Reformulé pour ajouter les accusations criminelles d’Orlov.

Les autorités russes ont ouvert mardi une enquête pénale contre le coprésident du groupe de défense des droits civiques lauréat du prix Nobel de la paix Memorial, après des raids généralisés contre des membres du groupe.

Oleg Orlov a été chargé pour avoir violé à plusieurs reprises la loi russe contre le « discrédit » de l’armée, a déclaré Memorial sur sa chaîne Telegram. La loi, adoptée en mars dernier, interdit de fait la critique de l’invasion de l’Ukraine.

S’il est reconnu coupable, il encourt jusqu’à trois ans de prison.

Orlov, qui était libéré libéré sous caution plus tard mardi, a été accusé par une publication Facebook de novembre 2022 dans laquelle il a republié son propre article dans un média français intitulé « Ils voulaient le fascisme. Ils l’ont eu », a déclaré Memorial.

Il était l’un des nombreux membres de Memorial qui ont été attaqués dans la police coordonnée. raids à Moscou mardi matin.

Les perquisitions ont commencé vers 7 h 30, heure de Moscou, et seraient liées à une enquête criminelle récemment lancée sur la prétendue « réhabilitation du groupe du nazisme ».

Les policiers ont fini de fouiller vers 15 h 30, heure de Moscou, Mémorial en disant. Au moins deux membres de Memorial ils ont été pris à la commission d’enquête.

Des chercheurs russes ont précédemment ouvert un enquête criminelle du groupe pour les mêmes raisons début février 2022, quelques semaines avant l’invasion à grande échelle de l’Ukraine par la Russie.

Les deux cas sont centrés sur des allégations selon lesquelles la base de données de Memorial de plus de 3 millions de victimes de la répression soviétique contient une poignée de collaborateurs nazis.
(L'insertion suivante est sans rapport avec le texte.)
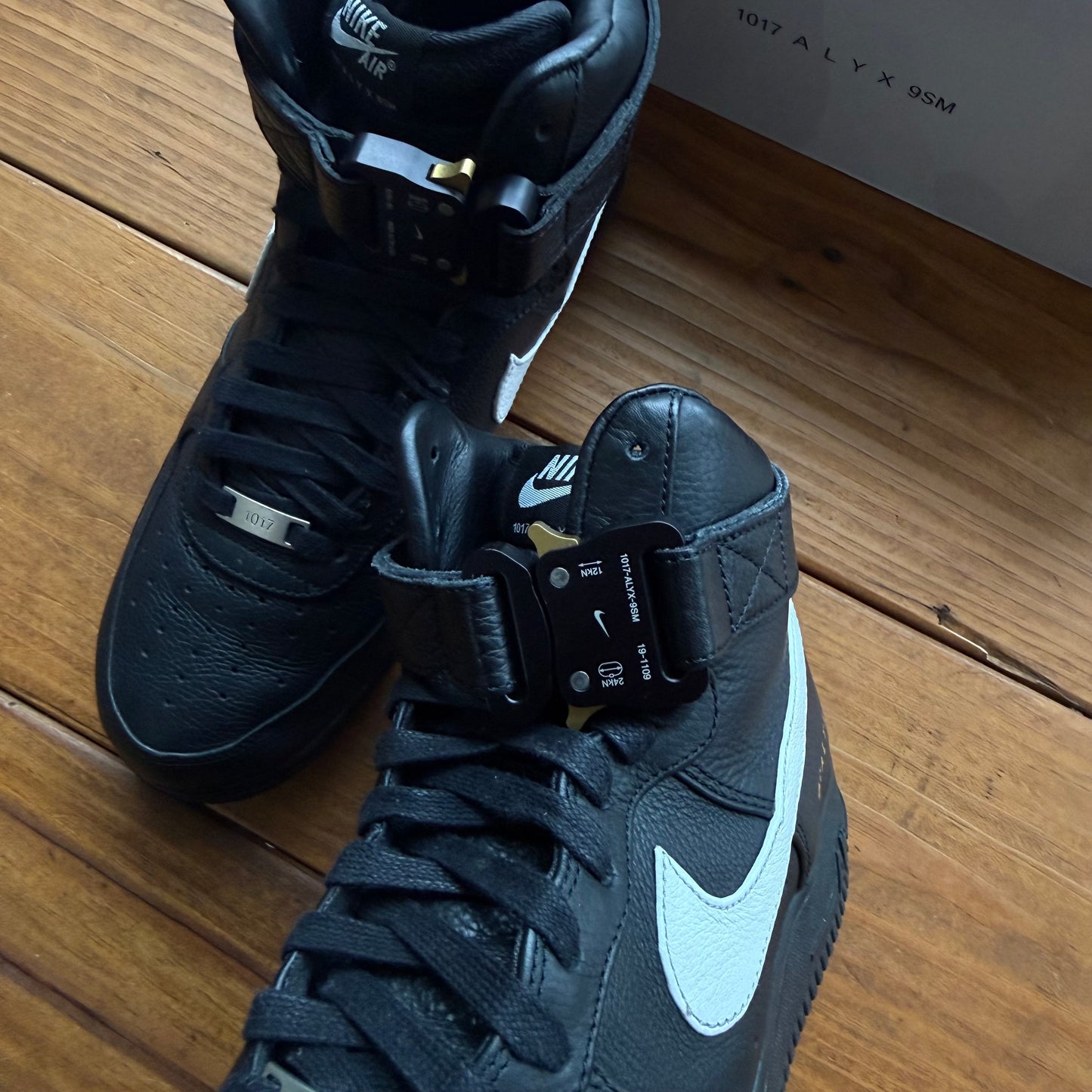 Talla 10.5 - 1017 ALYX 9SM x Air Force 1 High 'Negro Blanco' (Usado)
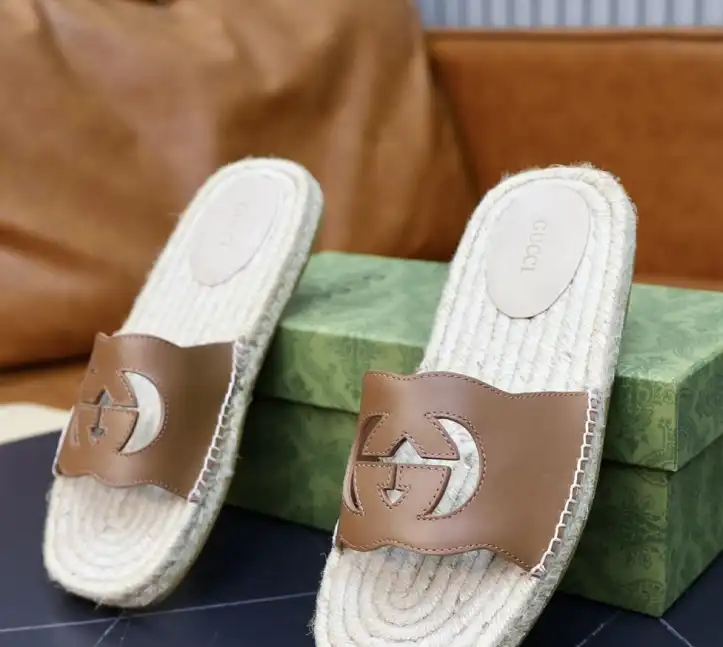 hype Gucci Slippers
La dernière affaire de «réhabilitation du nazisme», qui, selon Memorial, a commencé le 3 mars 2023, répertorie deux personnes qui ont été condamnées pour avoir travaillé pour la police allemande et une qui a été condamnée pour trahison contre l’Union soviétique.
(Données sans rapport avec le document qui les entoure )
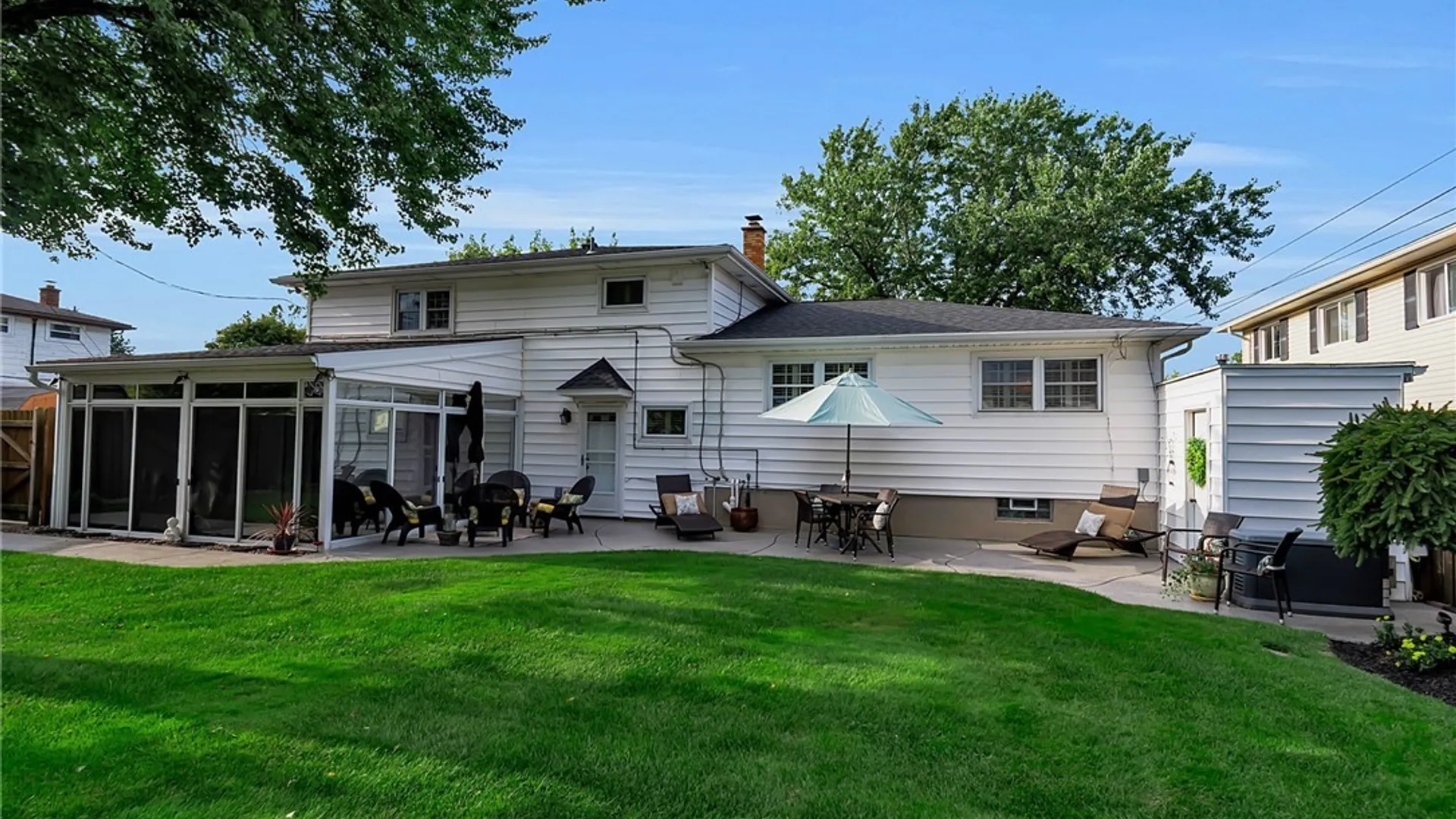 Property at 13 Wedgewood, Amherst, NY 14226 42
La «réhabilitation du nazisme» est passible d’une peine pouvant aller jusqu’à cinq ans de prison en vertu de la loi russe.

Les avocats de Memorial ont déclaré que la sécurité les empêchait d’accéder au personnel de Memorial.

Memorial a nommé au moins huit de ses membres, un membre de leur famille et deux bureaux visés par les raids.

Selon la chaîne Telegram de Memorial, des agents de la commission d’enquête ont effectué les raids avec des agents de l’unité anti-extrémisme du ministère de l’Intérieur.

Fondé en 1989, Memorial a pendant des décennies mis en lumière les crimes commis par le régime totalitaire de Josef Staline, s’est efforcé de préserver la mémoire de ses victimes et a documenté les violations des droits de l’homme en Russie.

En 2021, la Cour suprême russe a ordonné la dissolution du groupe, puis a ordonné une perquisition dans ses bureaux de Moscou le 7 octobre 2022, jour où il a été annoncé comme l’un des trois lauréats du prix Nobel de la paix pour l’année écoulée.